As I get older I have come to realize that there is no such thing as a perfect life. No one has it easy, everyone has their own battles to fight. All of us have a path that is our path alone. We can give advice, we can offer words of support. We can lend a helping hand and we can offer the box of tissues for those teary moments. But not one of us can live someone else’s life. It’s just impossible. I’ve also come to realize (and I truly believe it’s been the hardest lesson yet) that I am not responsible for anyone else’s happiness, sadness or life.

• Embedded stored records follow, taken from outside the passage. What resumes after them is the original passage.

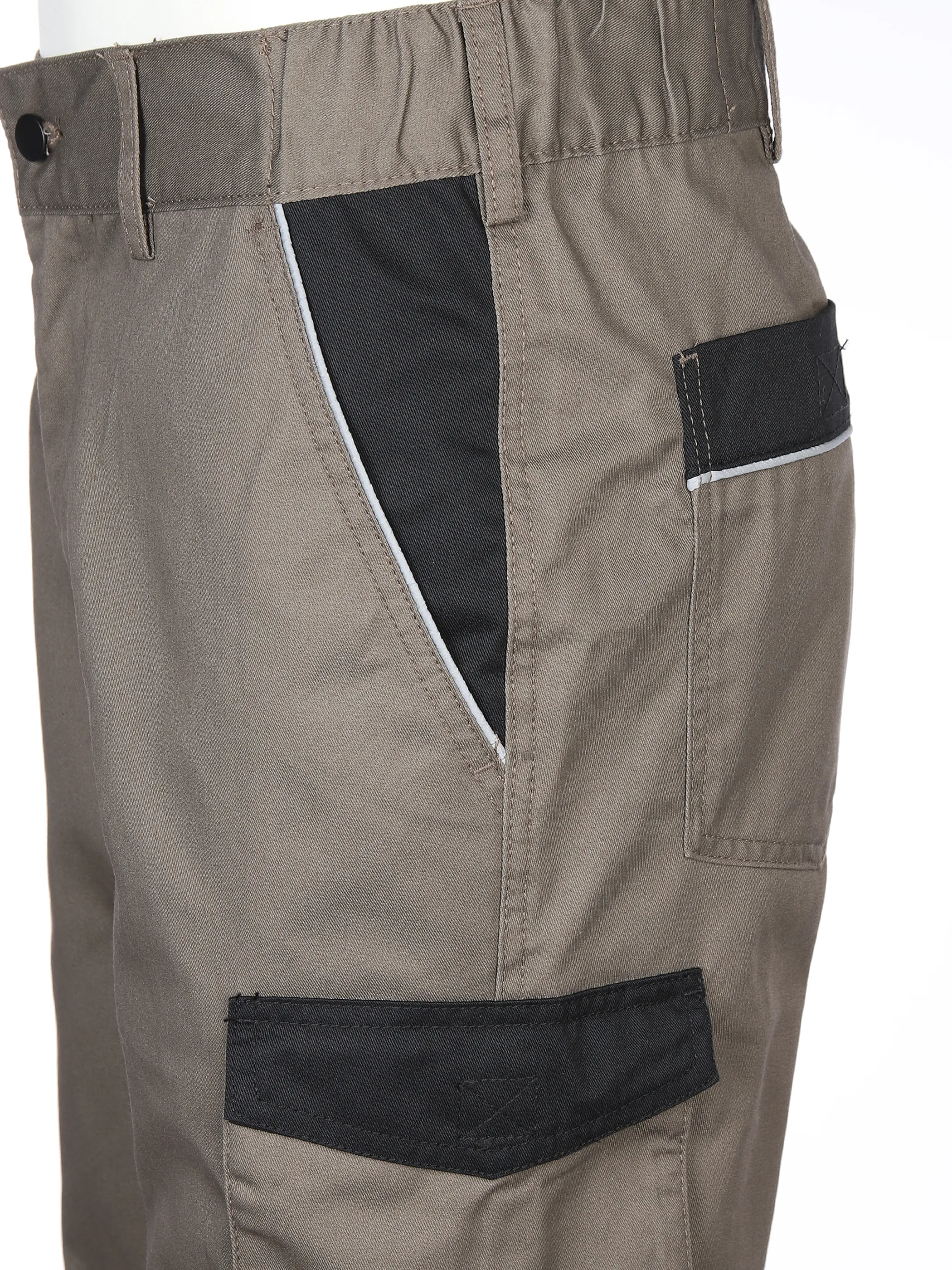 Herren Arbeitshose mit vielen Details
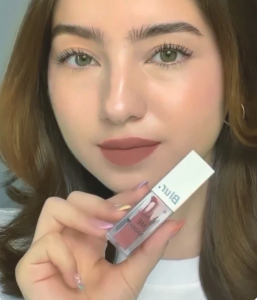 Pout Perfection: Decoding the Dilemma - Matte or Glossy Lipstick?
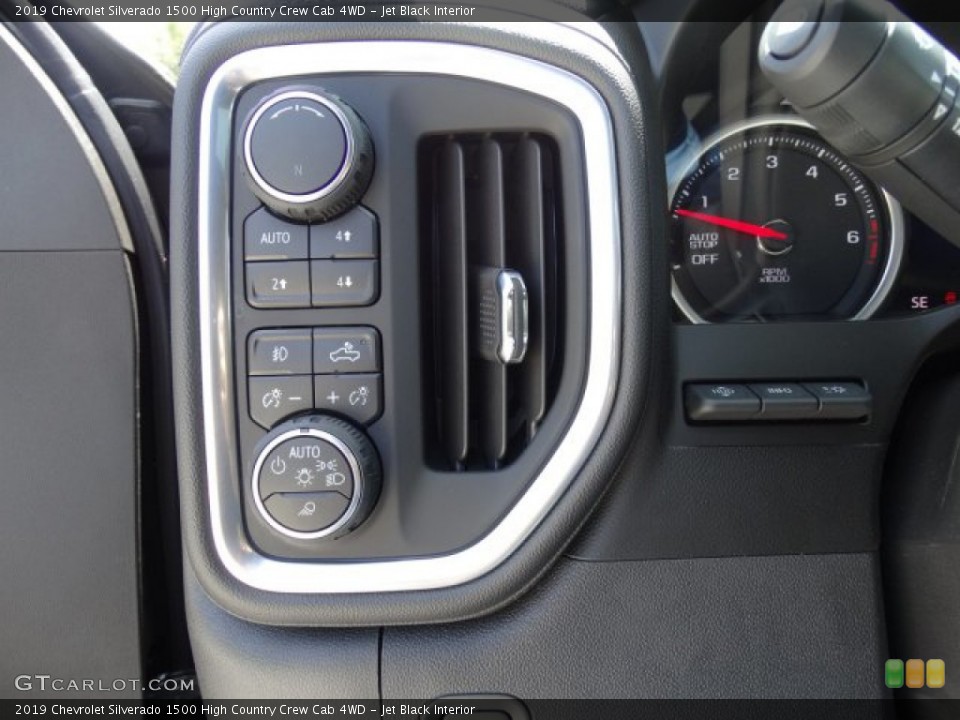 Jet Black Interior Controls for the 2019 Chevrolet Silverado 1500 High Country Crew Cab 4WD #133202451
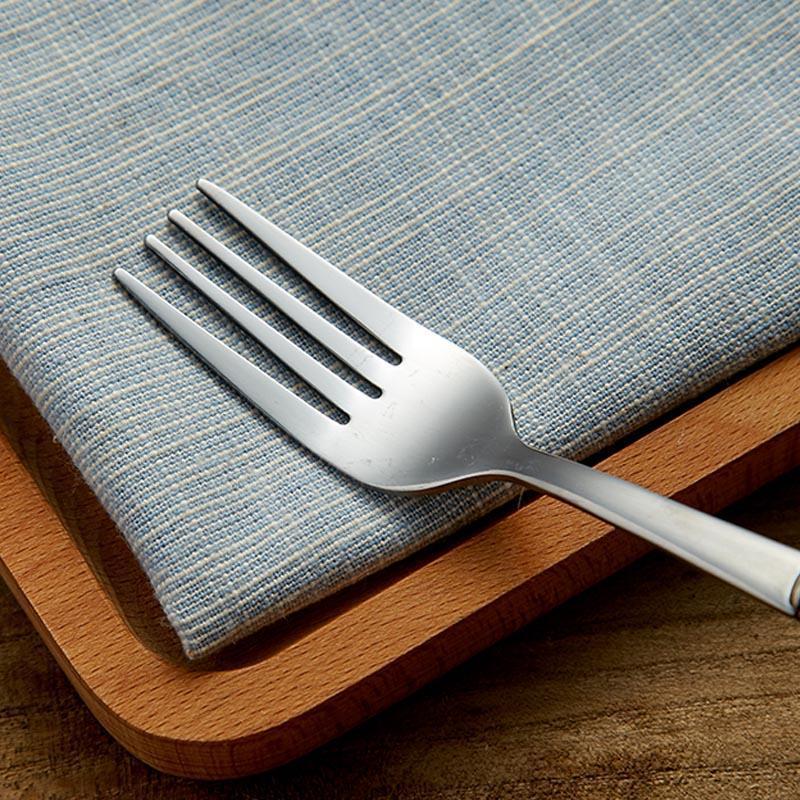 Taavita Cutlery Set - Premium 5-Piece Scandinavian Design Set with Wooden Handles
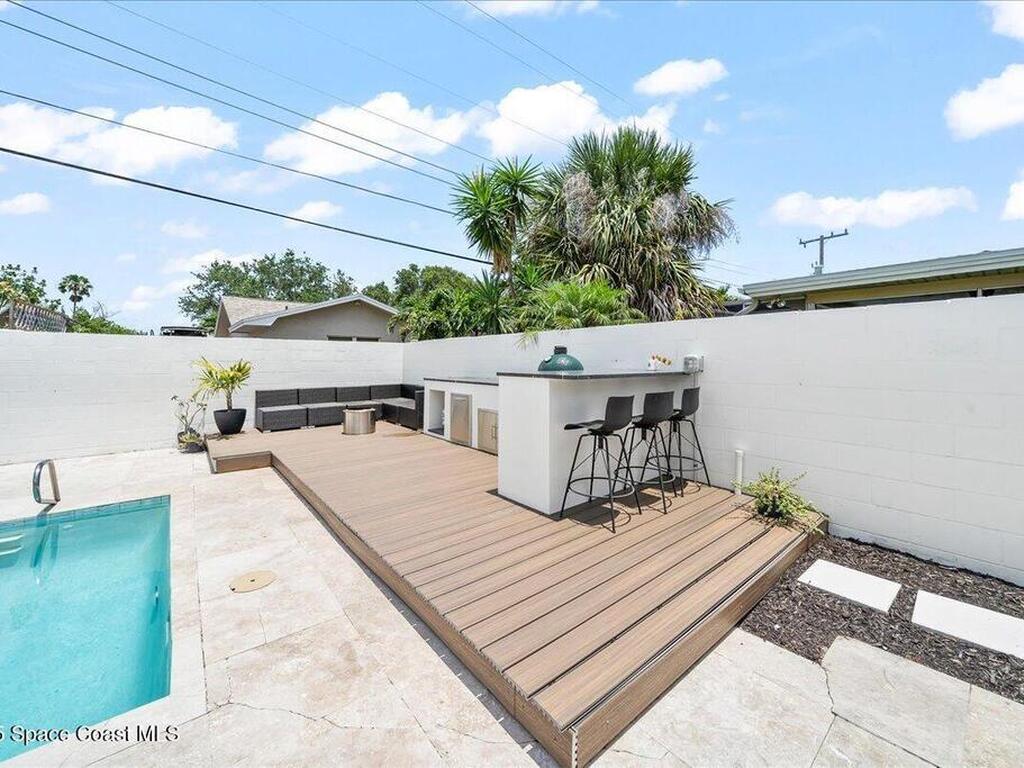 590 Sherwood Avenue, Satellite Beach, FL 32937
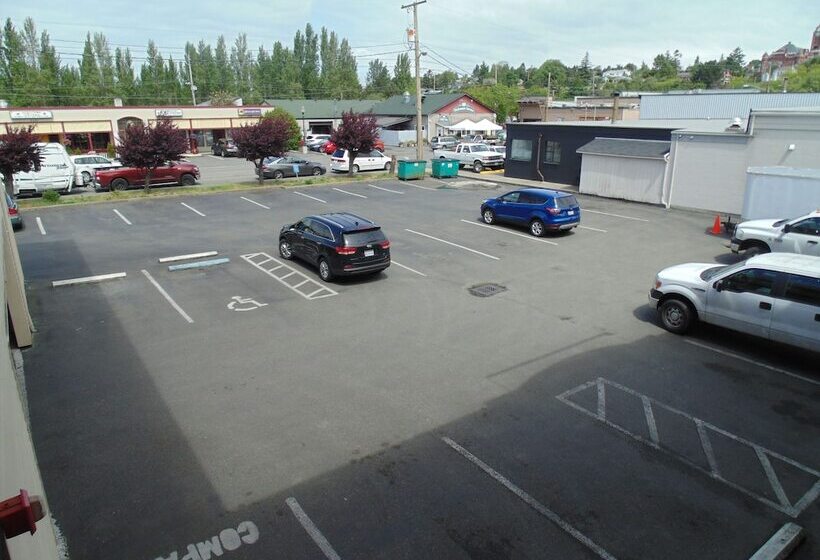 Отель Water Front Inn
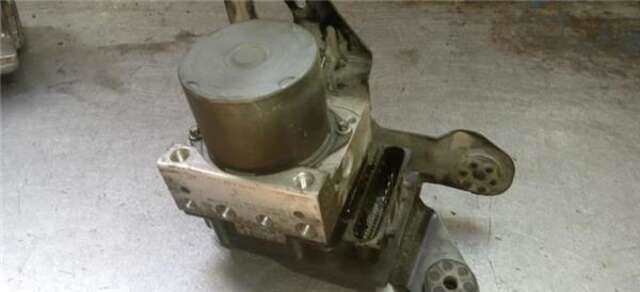 Foto 2ª: Abs Renault Megane 1.9 CONFORT AUTHENTIQUE [1.9 LTR. - 88 KW DCI DIESEL] II CLASSIC BERLINA (2003-_) [F9QB800]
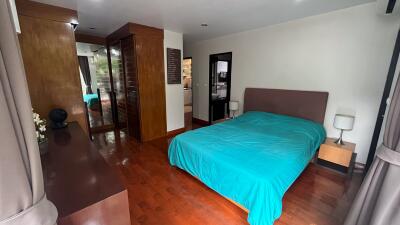 Quiet Condo Sukhumvit 15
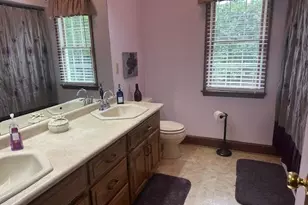 200 Londonderry Dr, Lumberton, NC 28358 - Photo 32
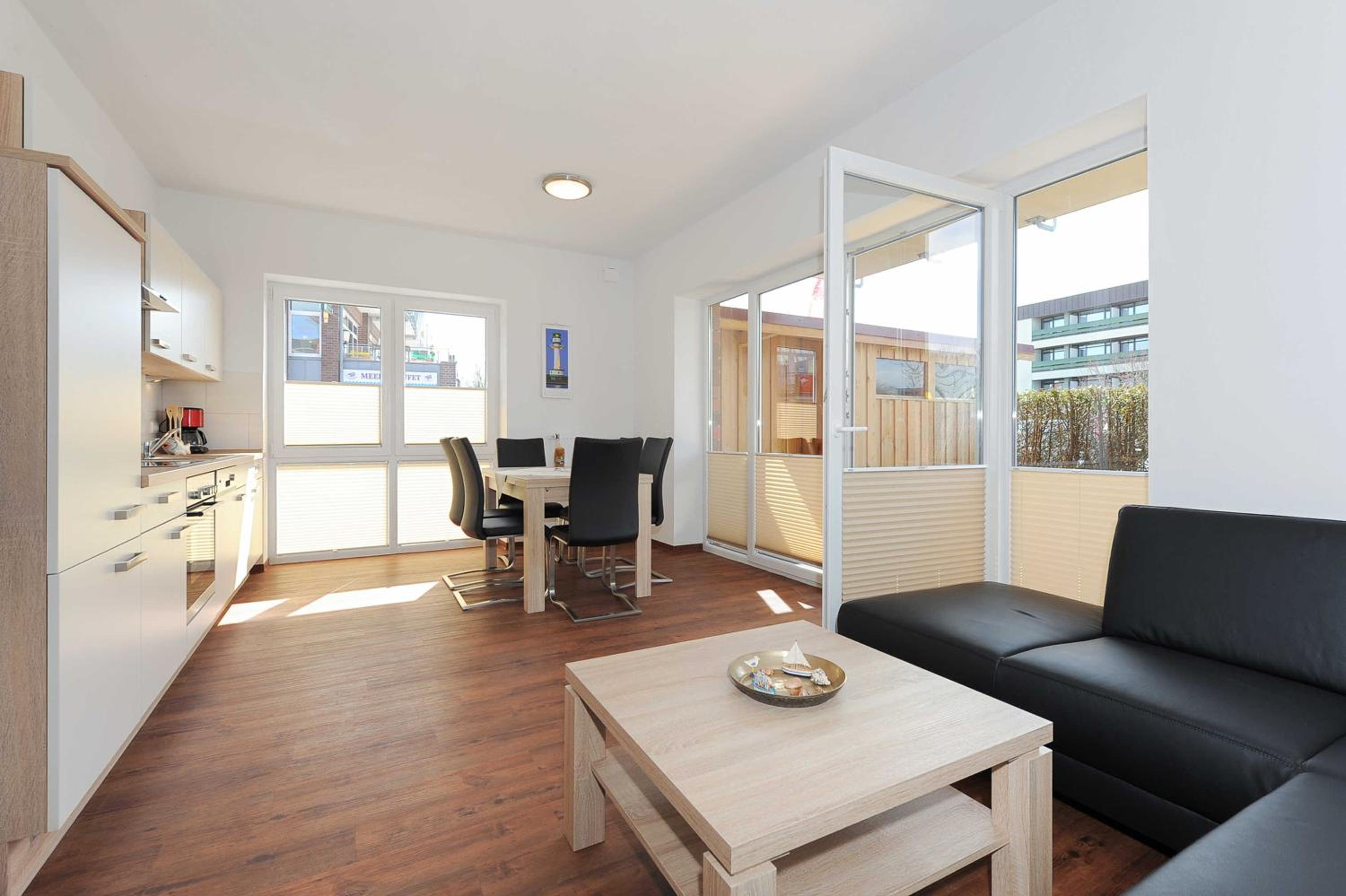 Three-Bedroom Apartment with Terrace photo 1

As I contemplate what the next several weeks are going to be like, I have to keep reminding myself of my level of responsibility. I have to keep telling myself that it’s okay to make a decision that benefits me, that it’s okay to only feel responsible for myself. Really? I think I still have some doubts about that. Well, my head doesn’t have doubts, but my heart still does. It takes a long time to change your way of thinking and your point of view, but at some point I have to get the head and heart to agree. I think I have. No, I know I have! Is it any less scary? Nope, but I’m going to do it anyway.
The most amazing things have been happening in my life for the past year. As I grow each day and I take a step and then another step, I’m finding out that there are beautiful people in my life that are cheering me on and giving me support and unconditional love. This particular part of my journey has been a tough one and I’ve still got the equivalent of Mt. Everest to climb, but I’m not alone. I’m afraid of heights and I’m not a big fan of freezing temperatures, but this is one climb I have to make. I have to get to the top and enjoy the view. But, I don’t have to get to the top all by myself. I have discovered the most wonderful Sherpa guides that have been disguising themselves as my friends.
I have been blessed in my life to have caring, loving, supportive and loyal friends. I have a friend that is still one of my best friends that I have known for almost 40 years! I have friends all over the world and in almost every state. God might not have given me the parents and the family that I wanted, but He was more than generous when it came to giving me my friends. What I find interesting is how that list of friends has grown in the past year just when I needed them most.
Within six weeks of the fight last year and the decision to forge a new path, I met the most unique and wonderful man. It was an instant recognition between his soul and mine and that was over the phone! This person has become my friend, my sounding board, my backbone and occasionally my voice. He loves me in a safe and unconditional way and he loves me because of who I am and not what I can do for him. He opened up my world and my eyes and has shown me that there’s so much more to life and living than I ever thought possible. He has expanded my horizons and he has allowed me to see more clearly what I’m really worthy of having. He makes me laugh and he does something to my soul that I can’t describe.
I’ve also been so blessed to recently have a group of talented, caring, courageous women ask me to become a part of their sisterhood. I am so honored to have these women recognize something in me that they want to share and believe in. These women are some of the strongest and bravest souls I have ever known. I look forward to getting to know them all better and sharing our triumphs and our victories. Thank you ladies for holding my hand.
So, My last name is never going to Brady or Walton and that Hollywood script is never going to be written for my life. But, God gave me everything I need to be happy and to get to the end of my journey. He gave me an abundance of caring, wonderful, uplifting friends that have believed in me until I could believe in myself. What more could I ask for?